System Design 10 min read

API Design Part 3: Rate Limiting & Pagination

Master rate limiting algorithms, production Redis implementations, and cursor pagination. Protect your API from abuse while efficiently serving large datasets.

MR

Moshiour Rahman

Advertisement

API Design Mastery Series

This is Part 3 of our comprehensive API Design series.

PartTopicLevel
1HTTP & REST FundamentalsBeginner
2Security & AuthenticationBeginner
3Rate Limiting & PaginationIntermediate
4Versioning & IdempotencyIntermediate
5Caching StrategiesIntermediate
6GraphQL & gRPCIntermediate
7Resilience & ObservabilityAdvanced
8Production MasteryAdvanced

Rate Limiting Deep Dive

Sliding Window Rate Limiting Algorithm

Algorithm Comparison

AlgorithmProsConsBest For
Fixed WindowSimple, memory efficientBurst at window edgesSimple use cases
Sliding Window LogMost accurateHigh memory (stores timestamps)Small scale, audit trails
Sliding Window CounterAccurate, moderate memorySlight approximationProduction systems
Token BucketHandles bursts, smooth rateMore complex stateAPIs allowing bursts
Leaky BucketConsistent output rateNo burst handlingStrict rate enforcement

Production Rate Limiter Implementation

// rate-limiter.ts - Production-grade sliding window counter

import { Redis } from 'ioredis';

interface RateLimitConfig {
  windowMs: number;      // Window size in milliseconds
  maxRequests: number;   // Max requests per window
  keyPrefix?: string;
}

interface RateLimitResult {
  allowed: boolean;
  limit: number;
  remaining: number;
  resetAt: Date;
  retryAfter?: number;   // Seconds until retry (if blocked)
}

export class SlidingWindowRateLimiter {
  private redis: Redis;
  private config: RateLimitConfig;

  constructor(redis: Redis, config: RateLimitConfig) {
    this.redis = redis;
    this.config = {
      keyPrefix: 'ratelimit:',
      ...config
    };
  }

  async check(identifier: string): Promise<RateLimitResult> {
    const now = Date.now();
    const windowStart = now - this.config.windowMs;
    const key = `${this.config.keyPrefix}${identifier}`;

    // Lua script for atomic operation
    const script = `
      local key = KEYS[1]
      local now = tonumber(ARGV[1])
      local window_start = tonumber(ARGV[2])
      local window_ms = tonumber(ARGV[3])
      local max_requests = tonumber(ARGV[4])

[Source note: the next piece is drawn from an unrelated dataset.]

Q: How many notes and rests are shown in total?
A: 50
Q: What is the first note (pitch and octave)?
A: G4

      -- Remove old entries
      redis.call('ZREMRANGEBYSCORE', key, '-inf', window_start)

      -- Count requests in current window
      local current_count = redis.call('ZCARD', key)

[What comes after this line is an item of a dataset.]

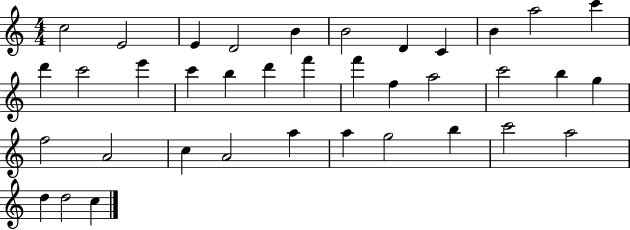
C5/h E4/h E4/q D4/h B4/q B4/h D4/q C4/q B4/q A5/h C6/q D6/q C6/h E6/q C6/q B5/q D6/q F6/q F6/q F5/q A5/h C6/h B5/q G5/q F5/h A4/h C5/q A4/h A5/q A5/q G5/h B5/q C6/h A5/h D5/q D5/h C5/q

      if current_count < max_requests then
        -- Add new request
        redis.call('ZADD', key, now, now .. ':' .. math.random())
        redis.call('PEXPIRE', key, window_ms)
        return {1, current_count + 1}
      else
        -- Get oldest entry to calculate retry time
        local oldest = redis.call('ZRANGE', key, 0, 0, 'WITHSCORES')
        local retry_at = oldest[2] and (oldest[2] + window_ms) or (now + window_ms)
        return {0, current_count, retry_at}
      end
    `;

    const result = await this.redis.eval(
      script,
      1,
      key,
      now,
      windowStart,
      this.config.windowMs,
      this.config.maxRequests
    ) as [number, number, number?];

    const [allowed, count, retryAt] = result;
    const resetAt = new Date(now + this.config.windowMs);

    return {
      allowed: allowed === 1,
      limit: this.config.maxRequests,
      remaining: Math.max(0, this.config.maxRequests - count),
      resetAt,
      retryAfter: allowed === 0 && retryAt
        ? Math.ceil((retryAt - now) / 1000)
        : undefined
    };
  }

  // Get current status without consuming a request
  async status(identifier: string): Promise<RateLimitResult> {
    const now = Date.now();
    const windowStart = now - this.config.windowMs;
    const key = `${this.config.keyPrefix}${identifier}`;

    await this.redis.zremrangebyscore(key, '-inf', windowStart);
    const count = await this.redis.zcard(key);

    return {
      allowed: count < this.config.maxRequests,
      limit: this.config.maxRequests,
      remaining: Math.max(0, this.config.maxRequests - count),
      resetAt: new Date(now + this.config.windowMs)
    };
  }
}

// Middleware factory
export function createRateLimitMiddleware(
  limiter: SlidingWindowRateLimiter,
  keyGenerator: (req: Request) => string
) {
  return async (req: Request): Promise<Response | null> => {
    const key = keyGenerator(req);
    const result = await limiter.check(key);

    // Always set rate limit headers
    const headers = {
      'X-RateLimit-Limit': String(result.limit),
      'X-RateLimit-Remaining': String(result.remaining),
      'X-RateLimit-Reset': String(Math.floor(result.resetAt.getTime() / 1000)),
      'X-RateLimit-Policy': `${result.limit};w=${limiter['config'].windowMs / 1000}`
    };

    if (!result.allowed) {
      return new Response(
        JSON.stringify({
          success: false,
          error: {
            code: 'RATE_LIMITED',
            message: 'Too many requests',
            retryAfter: result.retryAfter
          }
        }),
        {
          status: 429,
          headers: {
            ...headers,
            'Retry-After': String(result.retryAfter),
            'Content-Type': 'application/json'
          }
        }
      );
    }

    return null; // Continue to handler
  };
}

Multi-Tier Rate Limiting Strategy

TierScopeExample Limits
1 - Global DDoSCDN/Edge (Cloudflare, AWS Shield)10,000 req/sec globally
2 - API GatewayPer-IP unauthenticated100 req/min
3 - User/API KeySubscription-basedFree: 100/hr, Pro: 1K/hr
4 - EndpointResource typeSearch: 20/min, Write: 30/min
5 - ResourceSpecific actions5 failed logins/account/hr

Interview Question: “How would you handle rate limiting in a distributed system with multiple API servers?”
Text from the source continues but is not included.